[[ TASK INPUT open ]]

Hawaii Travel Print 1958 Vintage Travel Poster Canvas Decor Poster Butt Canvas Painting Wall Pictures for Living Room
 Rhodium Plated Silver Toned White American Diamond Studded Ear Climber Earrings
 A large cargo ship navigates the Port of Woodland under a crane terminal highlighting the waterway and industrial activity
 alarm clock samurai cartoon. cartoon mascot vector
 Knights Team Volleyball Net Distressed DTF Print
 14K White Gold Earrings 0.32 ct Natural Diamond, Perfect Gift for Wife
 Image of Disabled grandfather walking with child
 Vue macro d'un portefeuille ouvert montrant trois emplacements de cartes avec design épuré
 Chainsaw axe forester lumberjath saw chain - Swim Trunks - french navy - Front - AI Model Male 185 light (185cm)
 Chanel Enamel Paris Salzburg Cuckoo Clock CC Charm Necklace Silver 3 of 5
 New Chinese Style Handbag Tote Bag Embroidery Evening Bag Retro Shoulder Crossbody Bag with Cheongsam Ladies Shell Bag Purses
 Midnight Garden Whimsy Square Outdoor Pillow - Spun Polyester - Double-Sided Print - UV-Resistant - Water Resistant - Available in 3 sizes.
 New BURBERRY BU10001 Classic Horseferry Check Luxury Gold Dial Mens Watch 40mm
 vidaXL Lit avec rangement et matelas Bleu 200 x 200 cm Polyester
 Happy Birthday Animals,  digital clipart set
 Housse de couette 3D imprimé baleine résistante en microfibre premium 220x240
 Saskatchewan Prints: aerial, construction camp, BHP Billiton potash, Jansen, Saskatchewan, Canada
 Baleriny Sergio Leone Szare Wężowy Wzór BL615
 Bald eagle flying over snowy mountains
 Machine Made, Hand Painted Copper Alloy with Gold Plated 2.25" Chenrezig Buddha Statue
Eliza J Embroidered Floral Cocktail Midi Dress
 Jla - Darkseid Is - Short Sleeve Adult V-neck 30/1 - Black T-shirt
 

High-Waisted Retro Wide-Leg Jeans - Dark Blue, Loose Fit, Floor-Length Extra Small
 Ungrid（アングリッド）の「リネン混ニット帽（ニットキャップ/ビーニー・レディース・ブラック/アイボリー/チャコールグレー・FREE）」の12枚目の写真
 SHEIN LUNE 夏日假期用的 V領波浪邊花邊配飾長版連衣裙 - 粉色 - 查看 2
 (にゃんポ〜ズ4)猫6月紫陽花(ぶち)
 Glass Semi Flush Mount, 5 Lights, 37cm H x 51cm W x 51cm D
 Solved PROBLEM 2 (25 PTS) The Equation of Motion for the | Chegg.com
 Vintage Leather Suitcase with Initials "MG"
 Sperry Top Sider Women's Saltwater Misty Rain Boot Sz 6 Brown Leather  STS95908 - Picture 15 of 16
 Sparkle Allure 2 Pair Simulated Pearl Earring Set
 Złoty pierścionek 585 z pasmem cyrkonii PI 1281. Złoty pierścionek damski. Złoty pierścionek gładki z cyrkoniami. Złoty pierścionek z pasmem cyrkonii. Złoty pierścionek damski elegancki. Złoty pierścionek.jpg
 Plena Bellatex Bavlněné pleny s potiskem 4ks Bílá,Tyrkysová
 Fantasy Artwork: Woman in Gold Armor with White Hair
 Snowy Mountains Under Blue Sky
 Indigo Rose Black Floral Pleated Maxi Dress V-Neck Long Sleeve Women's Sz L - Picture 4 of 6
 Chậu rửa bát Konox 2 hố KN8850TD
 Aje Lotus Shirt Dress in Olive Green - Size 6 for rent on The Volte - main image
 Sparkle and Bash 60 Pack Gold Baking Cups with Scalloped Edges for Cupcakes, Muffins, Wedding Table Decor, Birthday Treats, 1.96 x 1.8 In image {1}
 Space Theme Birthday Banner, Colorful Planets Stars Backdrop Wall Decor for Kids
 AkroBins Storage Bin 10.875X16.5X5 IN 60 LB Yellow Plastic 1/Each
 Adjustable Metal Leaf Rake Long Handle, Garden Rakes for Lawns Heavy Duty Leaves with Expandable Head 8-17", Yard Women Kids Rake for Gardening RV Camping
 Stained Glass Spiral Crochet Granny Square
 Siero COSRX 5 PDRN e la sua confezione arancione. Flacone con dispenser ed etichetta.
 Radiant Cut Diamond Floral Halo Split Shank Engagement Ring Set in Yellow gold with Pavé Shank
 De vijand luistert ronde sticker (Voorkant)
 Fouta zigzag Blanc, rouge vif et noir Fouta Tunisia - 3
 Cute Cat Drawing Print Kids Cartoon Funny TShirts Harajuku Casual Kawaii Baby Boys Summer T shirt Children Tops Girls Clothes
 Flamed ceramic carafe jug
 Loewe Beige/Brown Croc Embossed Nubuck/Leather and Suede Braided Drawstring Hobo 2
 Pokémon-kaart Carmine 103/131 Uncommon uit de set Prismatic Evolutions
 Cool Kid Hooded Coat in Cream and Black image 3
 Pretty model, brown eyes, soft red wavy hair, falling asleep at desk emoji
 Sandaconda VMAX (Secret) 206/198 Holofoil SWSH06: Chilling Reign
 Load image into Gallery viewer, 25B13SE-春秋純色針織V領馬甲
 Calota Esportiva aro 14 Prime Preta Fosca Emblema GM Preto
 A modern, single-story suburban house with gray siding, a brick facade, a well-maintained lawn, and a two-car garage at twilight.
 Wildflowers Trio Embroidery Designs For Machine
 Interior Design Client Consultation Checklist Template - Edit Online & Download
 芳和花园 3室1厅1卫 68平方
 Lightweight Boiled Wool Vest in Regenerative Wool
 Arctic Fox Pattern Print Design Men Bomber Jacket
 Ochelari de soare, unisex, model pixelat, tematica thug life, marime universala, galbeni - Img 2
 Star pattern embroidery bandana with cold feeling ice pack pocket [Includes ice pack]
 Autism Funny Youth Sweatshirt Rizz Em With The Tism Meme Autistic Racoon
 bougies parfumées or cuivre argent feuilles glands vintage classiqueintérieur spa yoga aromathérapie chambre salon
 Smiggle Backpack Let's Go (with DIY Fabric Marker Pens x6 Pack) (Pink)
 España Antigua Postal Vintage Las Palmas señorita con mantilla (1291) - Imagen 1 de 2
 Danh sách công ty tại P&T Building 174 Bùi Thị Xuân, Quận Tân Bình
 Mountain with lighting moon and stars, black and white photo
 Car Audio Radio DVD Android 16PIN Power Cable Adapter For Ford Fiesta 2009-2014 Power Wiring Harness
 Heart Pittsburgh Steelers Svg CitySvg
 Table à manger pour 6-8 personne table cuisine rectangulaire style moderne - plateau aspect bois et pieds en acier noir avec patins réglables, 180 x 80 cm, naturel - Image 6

[[ TASK INPUT closed ]]

Copy the records word for word.

#### ANSWER SPACE:
Hawaii Travel Print 1958 Vintage Travel Poster Canvas Decor Poster Butt Canvas Painting Wall Pictures for Living Room
 Rhodium Plated Silver Toned White American Diamond Studded Ear Climber Earrings
 A large cargo ship navigates the Port of Woodland under a crane terminal highlighting the waterway and industrial activity
 alarm clock samurai cartoon. cartoon mascot vector
 Knights Team Volleyball Net Distressed DTF Print
 14K White Gold Earrings 0.32 ct Natural Diamond, Perfect Gift for Wife
 Image of Disabled grandfather walking with child
 Vue macro d'un portefeuille ouvert montrant trois emplacements de cartes avec design épuré
 Chainsaw axe forester lumberjath saw chain - Swim Trunks - french navy - Front - AI Model Male 185 light (185cm)
 Chanel Enamel Paris Salzburg Cuckoo Clock CC Charm Necklace Silver 3 of 5
 New Chinese Style Handbag Tote Bag Embroidery Evening Bag Retro Shoulder Crossbody Bag with Cheongsam Ladies Shell Bag Purses
 Midnight Garden Whimsy Square Outdoor Pillow - Spun Polyester - Double-Sided Print - UV-Resistant - Water Resistant - Available in 3 sizes.
 New BURBERRY BU10001 Classic Horseferry Check Luxury Gold Dial Mens Watch 40mm
 vidaXL Lit avec rangement et matelas Bleu 200 x 200 cm Polyester
 Happy Birthday Animals,  digital clipart set
 Housse de couette 3D imprimé baleine résistante en microfibre premium 220x240
 Saskatchewan Prints: aerial, construction camp, BHP Billiton potash, Jansen, Saskatchewan, Canada
 Baleriny Sergio Leone Szare Wężowy Wzór BL615
 Bald eagle flying over snowy mountains
 Machine Made, Hand Painted Copper Alloy with Gold Plated 2.25" Chenrezig Buddha Statue
Eliza J Embroidered Floral Cocktail Midi Dress
 Jla - Darkseid Is - Short Sleeve Adult V-neck 30/1 - Black T-shirt
 

High-Waisted Retro Wide-Leg Jeans - Dark Blue, Loose Fit, Floor-Length Extra Small
 Ungrid（アングリッド）の「リネン混ニット帽（ニットキャップ/ビーニー・レディース・ブラック/アイボリー/チャコールグレー・FREE）」の12枚目の写真
 SHEIN LUNE 夏日假期用的 V領波浪邊花邊配飾長版連衣裙 - 粉色 - 查看 2
 (にゃんポ〜ズ4)猫6月紫陽花(ぶち)
 Glass Semi Flush Mount, 5 Lights, 37cm H x 51cm W x 51cm D
 Solved PROBLEM 2 (25 PTS) The Equation of Motion for the | Chegg.com
 Vintage Leather Suitcase with Initials "MG"
 Sperry Top Sider Women's Saltwater Misty Rain Boot Sz 6 Brown Leather  STS95908 - Picture 15 of 16
 Sparkle Allure 2 Pair Simulated Pearl Earring Set
 Złoty pierścionek 585 z pasmem cyrkonii PI 1281. Złoty pierścionek damski. Złoty pierścionek gładki z cyrkoniami. Złoty pierścionek z pasmem cyrkonii. Złoty pierścionek damski elegancki. Złoty pierścionek.jpg
 Plena Bellatex Bavlněné pleny s potiskem 4ks Bílá,Tyrkysová
 Fantasy Artwork: Woman in Gold Armor with White Hair
 Snowy Mountains Under Blue Sky
 Indigo Rose Black Floral Pleated Maxi Dress V-Neck Long Sleeve Women's Sz L - Picture 4 of 6
 Chậu rửa bát Konox 2 hố KN8850TD
 Aje Lotus Shirt Dress in Olive Green - Size 6 for rent on The Volte - main image
 Sparkle and Bash 60 Pack Gold Baking Cups with Scalloped Edges for Cupcakes, Muffins, Wedding Table Decor, Birthday Treats, 1.96 x 1.8 In image {1}
 Space Theme Birthday Banner, Colorful Planets Stars Backdrop Wall Decor for Kids
 AkroBins Storage Bin 10.875X16.5X5 IN 60 LB Yellow Plastic 1/Each
 Adjustable Metal Leaf Rake Long Handle, Garden Rakes for Lawns Heavy Duty Leaves with Expandable Head 8-17", Yard Women Kids Rake for Gardening RV Camping
 Stained Glass Spiral Crochet Granny Square
 Siero COSRX 5 PDRN e la sua confezione arancione. Flacone con dispenser ed etichetta.
 Radiant Cut Diamond Floral Halo Split Shank Engagement Ring Set in Yellow gold with Pavé Shank
 De vijand luistert ronde sticker (Voorkant)
 Fouta zigzag Blanc, rouge vif et noir Fouta Tunisia - 3
 Cute Cat Drawing Print Kids Cartoon Funny TShirts Harajuku Casual Kawaii Baby Boys Summer T shirt Children Tops Girls Clothes
 Flamed ceramic carafe jug
 Loewe Beige/Brown Croc Embossed Nubuck/Leather and Suede Braided Drawstring Hobo 2
 Pokémon-kaart Carmine 103/131 Uncommon uit de set Prismatic Evolutions
 Cool Kid Hooded Coat in Cream and Black image 3
 Pretty model, brown eyes, soft red wavy hair, falling asleep at desk emoji
 Sandaconda VMAX (Secret) 206/198 Holofoil SWSH06: Chilling Reign
 Load image into Gallery viewer, 25B13SE-春秋純色針織V領馬甲
 Calota Esportiva aro 14 Prime Preta Fosca Emblema GM Preto
 A modern, single-story suburban house with gray siding, a brick facade, a well-maintained lawn, and a two-car garage at twilight.
 Wildflowers Trio Embroidery Designs For Machine
 Interior Design Client Consultation Checklist Template - Edit Online & Download
 芳和花园 3室1厅1卫 68平方
 Lightweight Boiled Wool Vest in Regenerative Wool
 Arctic Fox Pattern Print Design Men Bomber Jacket
 Ochelari de soare, unisex, model pixelat, tematica thug life, marime universala, galbeni - Img 2
 Star pattern embroidery bandana with cold feeling ice pack pocket [Includes ice pack]
 Autism Funny Youth Sweatshirt Rizz Em With The Tism Meme Autistic Racoon
 bougies parfumées or cuivre argent feuilles glands vintage classiqueintérieur spa yoga aromathérapie chambre salon
 Smiggle Backpack Let's Go (with DIY Fabric Marker Pens x6 Pack) (Pink)
 España Antigua Postal Vintage Las Palmas señorita con mantilla (1291) - Imagen 1 de 2
 Danh sách công ty tại P&T Building 174 Bùi Thị Xuân, Quận Tân Bình
 Mountain with lighting moon and stars, black and white photo
 Car Audio Radio DVD Android 16PIN Power Cable Adapter For Ford Fiesta 2009-2014 Power Wiring Harness
 Heart Pittsburgh Steelers Svg CitySvg
 Table à manger pour 6-8 personne table cuisine rectangulaire style moderne - plateau aspect bois et pieds en acier noir avec patins réglables, 180 x 80 cm, naturel - Image 6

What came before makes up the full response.